Might be my mistake - it was early hours of the morning when I put the order form together - let me check ...


----------



## Shaun (3 Jul 2012)

Yup - my mistake - all fixed now - thanks for letting me know.


----------



## DCLane (3 Jul 2012)

Andrew_Culture said:


> Are the shorts padded?


 
They usually come with a Coolmax pad, yes.


----------



## Deleted member 20519 (3 Jul 2012)

Do you know how long these will be on sale for?


----------



## Shaun (3 Jul 2012)

Until Friday 20th July


----------



## Deleted member 20519 (3 Jul 2012)

I'll try my best to get some cash in time! Are the jerseys a loose or tight fit?


----------



## Globalti (3 Jul 2012)

A long sleeve jersey for £30? Bargain!
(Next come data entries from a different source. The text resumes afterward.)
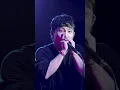 Download Lagu Crazy Final of #KBC2023 @beatbox_mighty @poembeatbox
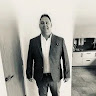Carl S's avatar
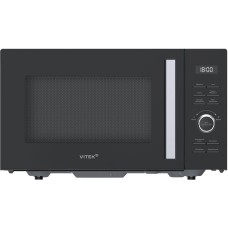 VITEK VT-MW1725 25л. 900Вт черный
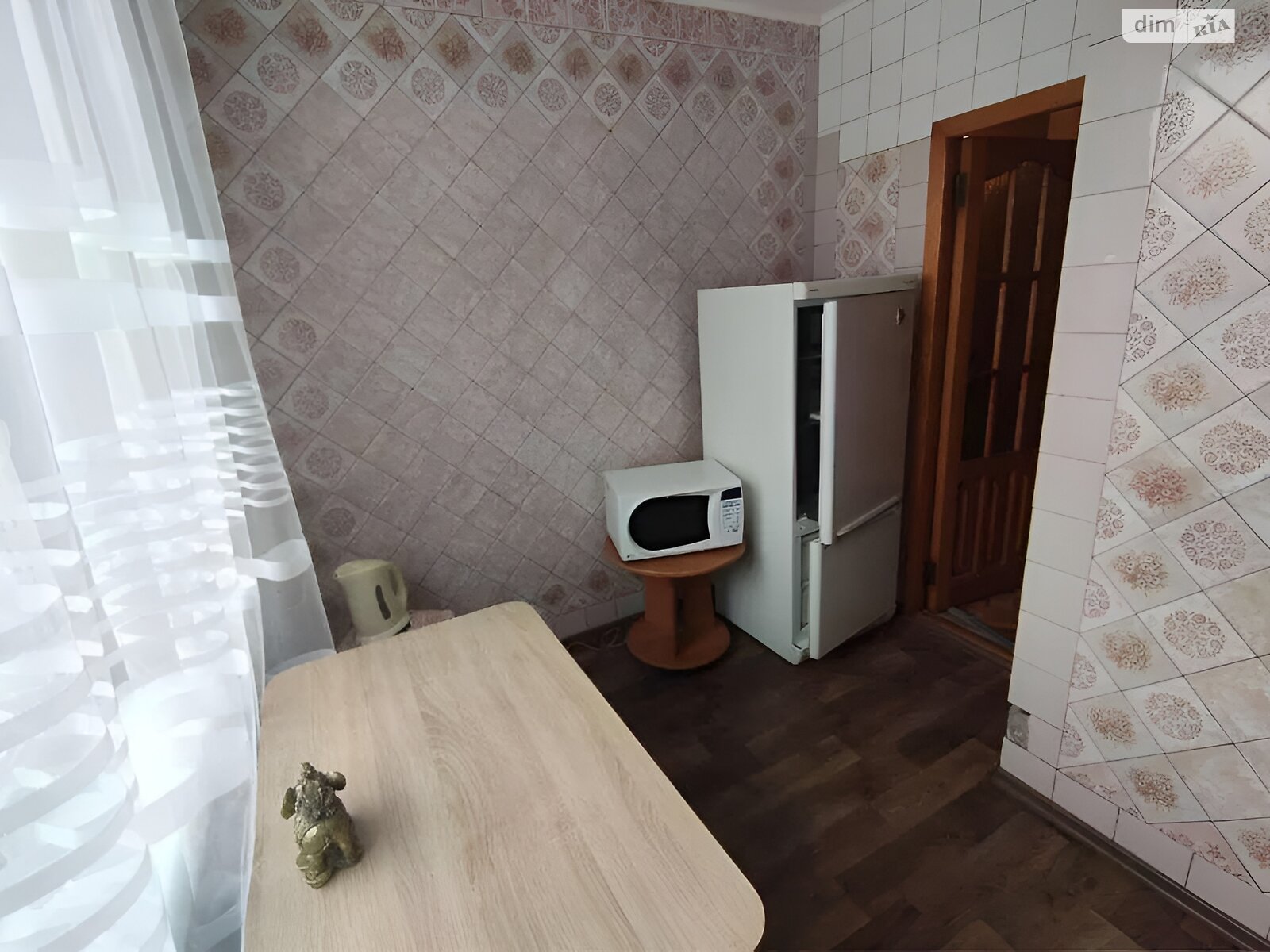 Продажа трехкомнатной квартиры в Харькове, на ул. Валентиновская, район 608-й микрорайон фото 1 Продажа трехкомнатной квартиры в Харькове, на ул. Валентиновская, район 608-й микрорайон фото 1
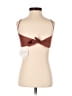 Assorted Brands Brown Sleeveless Top Size XS - photo 2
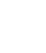 icon save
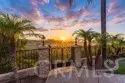 21128 Via Los Laureles thumbnail 4
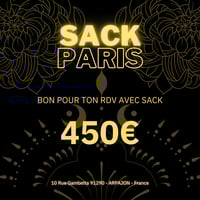BON 450€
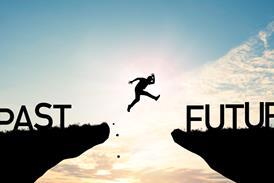 GettyImages-1295289697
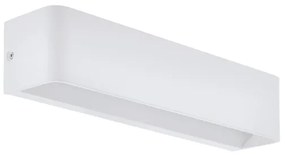 Eglo 98423 - LED Fali lámpa SANIA LED/12W/230V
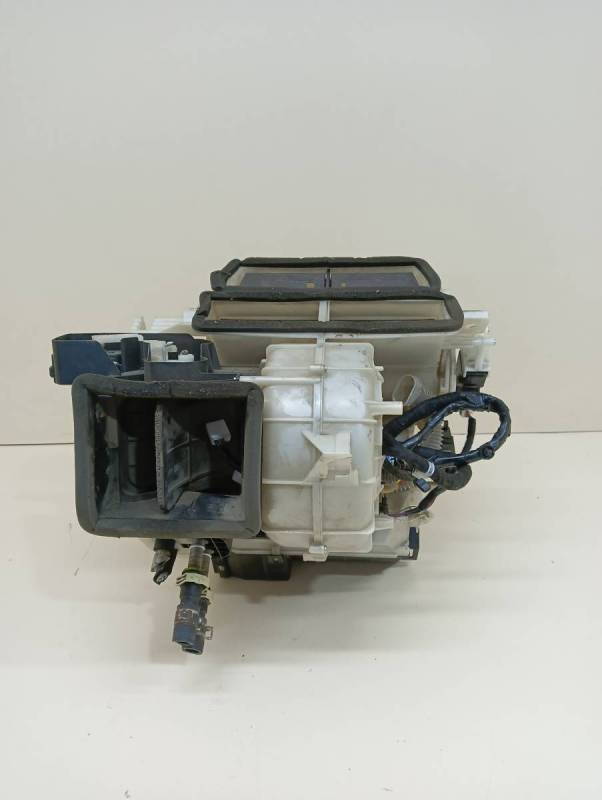 Корпус отопителя Mazda Mazda 3 (BL) 2009-2013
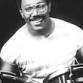 Billy Cobham - Time Machine event image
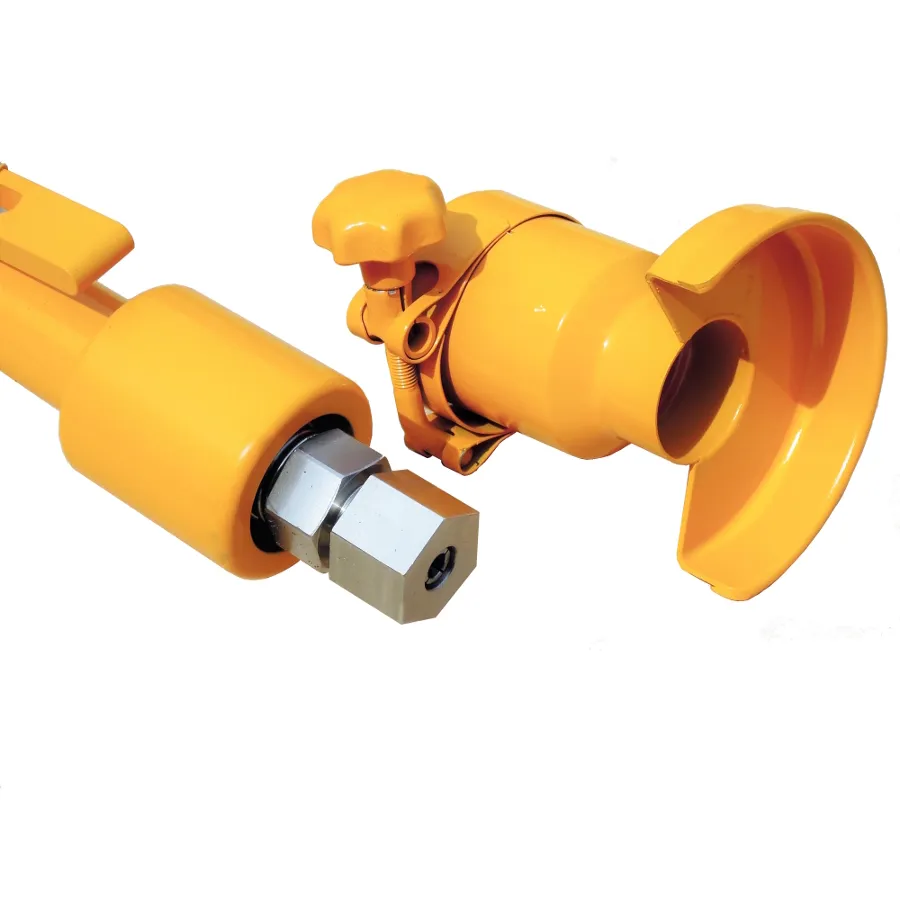 PG03 Guard 900 x 900.webp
I can't see myself wanting short sleeves ever again in this country.

The only question is the size.... small or medium..... hmmmm....


----------



## Kiwiavenger (3 Jul 2012)

ordered with the intention of loosing the weight so i can fit into them within the next few weeks! i need an incentive!!!


----------



## Andrew_Culture (3 Jul 2012)

DCLane said:


> They usually come with a Coolmax pad, yes.


 
Ta star!


----------



## Stephenite (15 Jul 2012)

Is it possible to change the delivery address after ordering??

Silly me didn't notice you don't send them overseas.


----------



## Shaun (19 Jul 2012)

Stephenite said:


> Is it possible to change the delivery address after ordering??
> 
> Silly me didn't notice you don't send them overseas.


 
Yes, just email me with the PayPal receipt number and the new delivery address.


----------



## Stephenite (19 Jul 2012)

Shaun said:


> Yes, just email me with the PayPal receipt number and the new delivery address.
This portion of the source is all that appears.